読売「セウォル号船長も新渡戸稲造の『武士道』を一度でも読んでいれば・・・」
19世紀末、世界の注目を集めた日清戦争に勝ったとはいえ、当時の日本はアジアのどこにあるのか欧米では理解されていなかった。
「日本と世界をつなぐ懸け橋になりたい」と誓い、ドイツに留学していた新渡戸稲造は、ベルギーの法学者から
「日本では宗教教育をせずに、どのようにして道徳を教えているのか」と聞かれ、答えに窮したことがずっと胸につかえていた。
盛岡藩士の三男に生まれた稲造は、武士の道の中にその答えがあると考え、1900年、滞在先のアメリカで出版したのが「武士道」だった。

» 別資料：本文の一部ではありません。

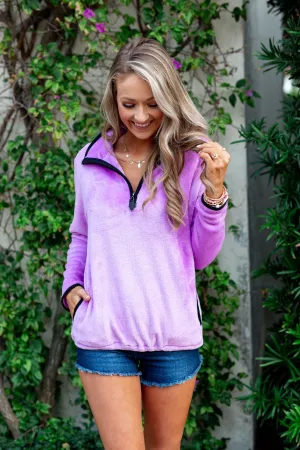 Pulse Exclusive 1/4 Zip Sherpa- Dark Lilac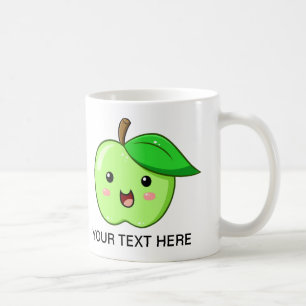 Caneca De Café O verde Apple da fruta de Kawaii agride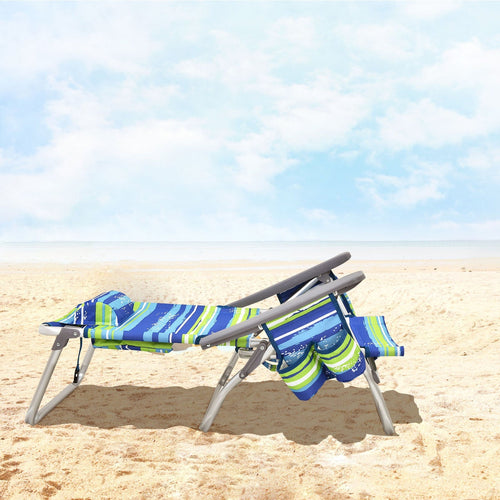 2 Pieces Folding Backpack Beach Chair with Pillow-Pink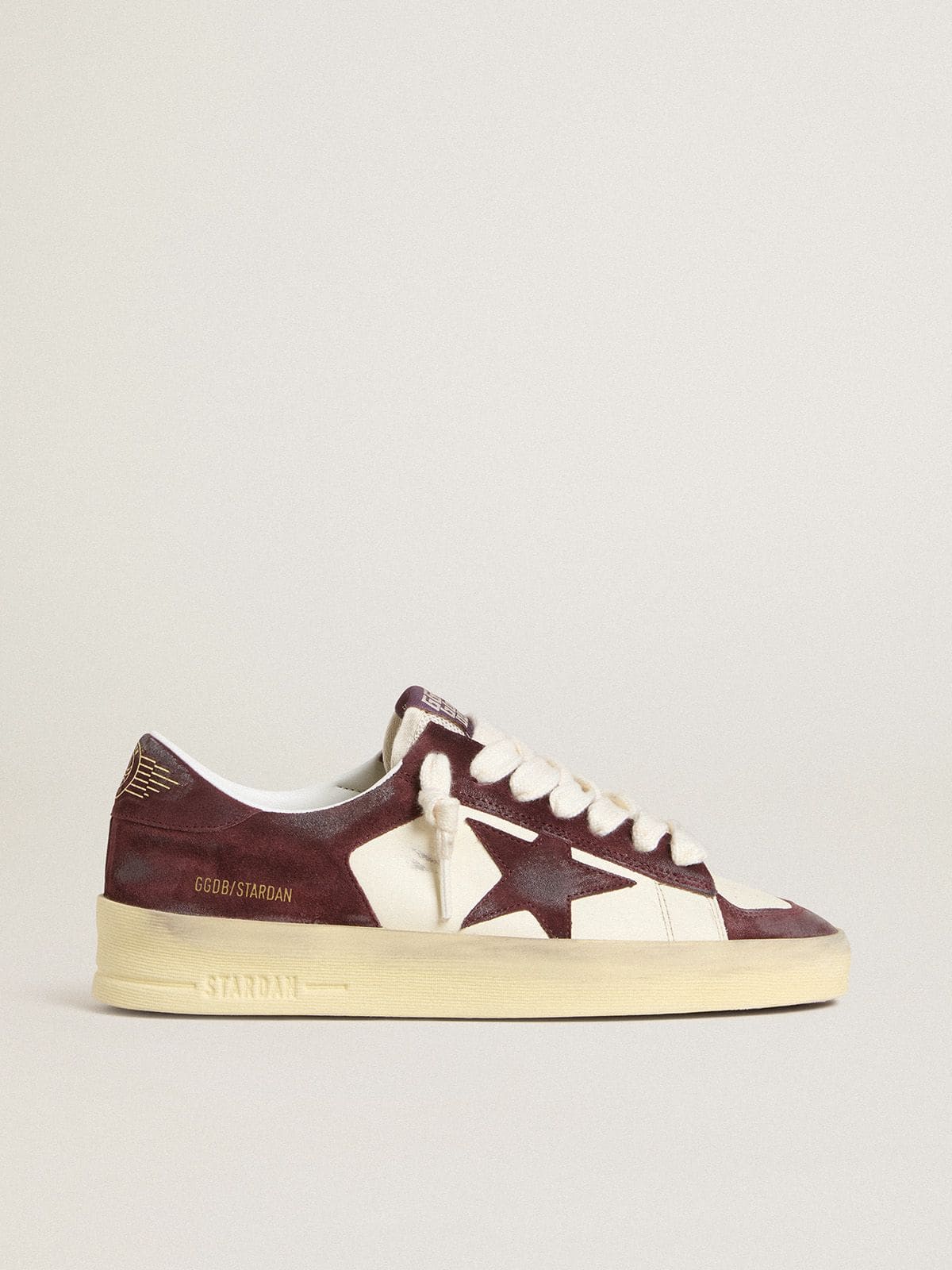 Golden Goose Womens Stardan In White Nappa With Burgundy Suede Star And Heel Tab Womens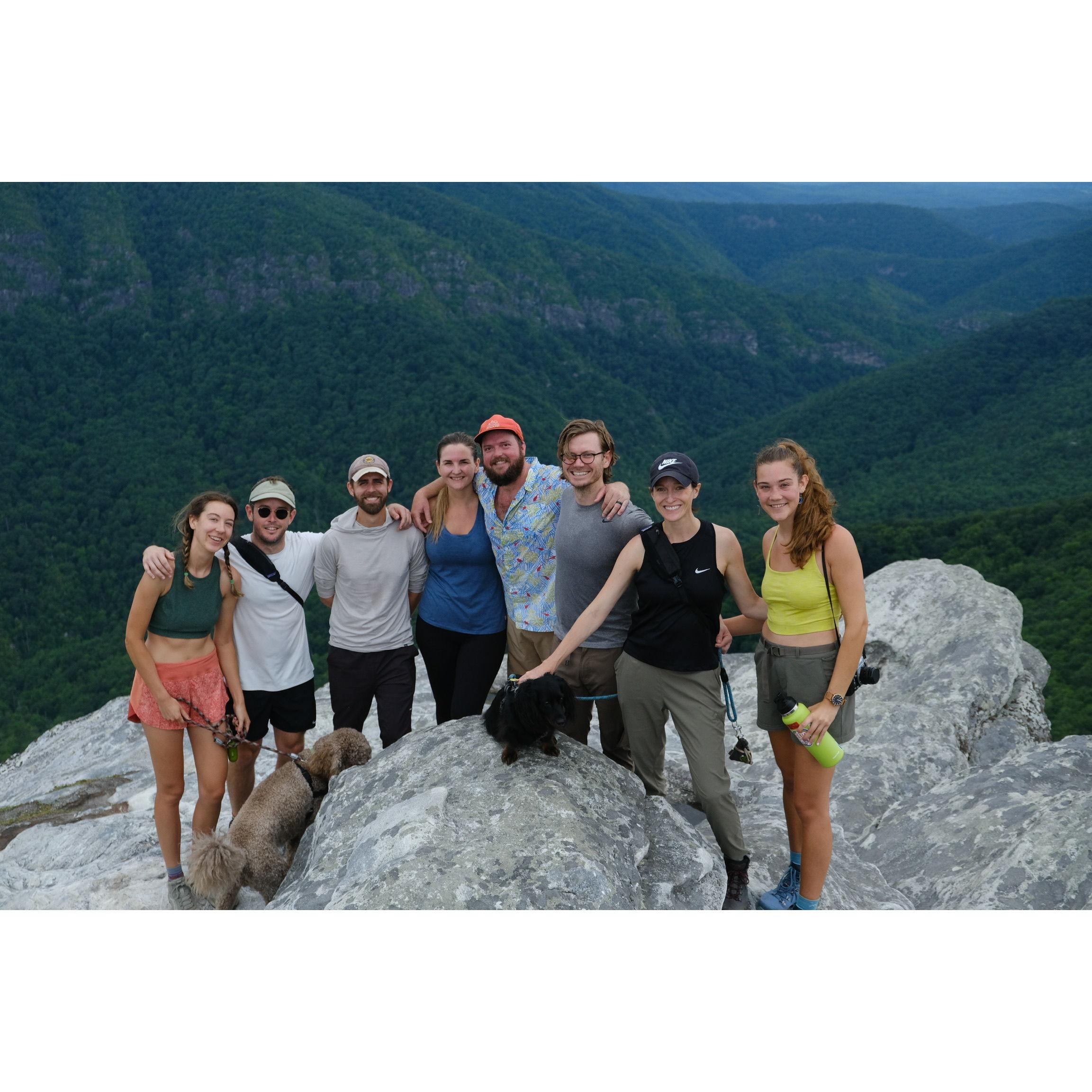 Hiking with friends in our favorite spot, Boone, NC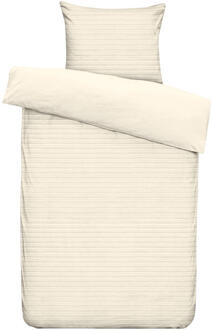 Byrklund Leen Bakker - Dekbedovertrek Pluch Lines - Off-white - 140x220 Cm - Polyester - Crème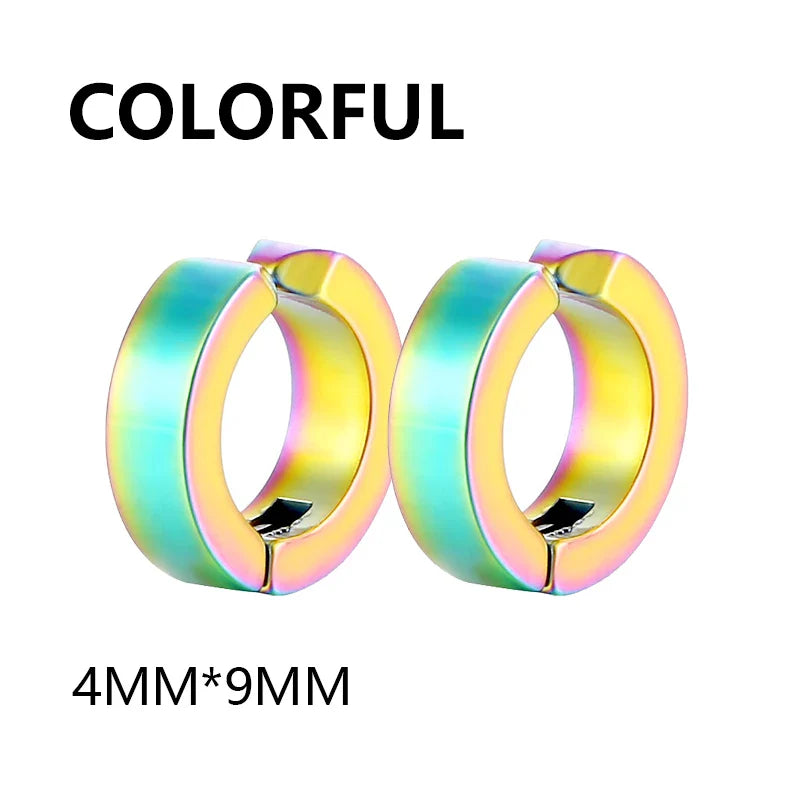 2 Pcs Classic Korean Punk Stainless Steel Ear Clip Earrings for Men Women Black No Pierced Fake Ear Circle New Pop Jewelry Vera Lux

成文化されてはいなくても、仁、義、名誉、勇、誠などを守ることを美徳とする日本人の考え方を堪能な英語力で表現した。
ニューヨークではベストセラーになり、感銘を受けたセオドア・ルーズベルト大統領が子供たちに読むよう薦めたほどだ。
ただ、日本と海外の思想の対比に孔子やプラトン、シェークスピアからローマの軍人の言葉まで幅広い分野から引用していることもあり、難解な部分もある。
盛岡市先人記念館学芸員の久保田さやかさん(34)は「『武士道』の研究者の間でも、その出典はすべては分かっていないと言われます」と話す。稲造の知識は当時の日本人の常識を超えていた。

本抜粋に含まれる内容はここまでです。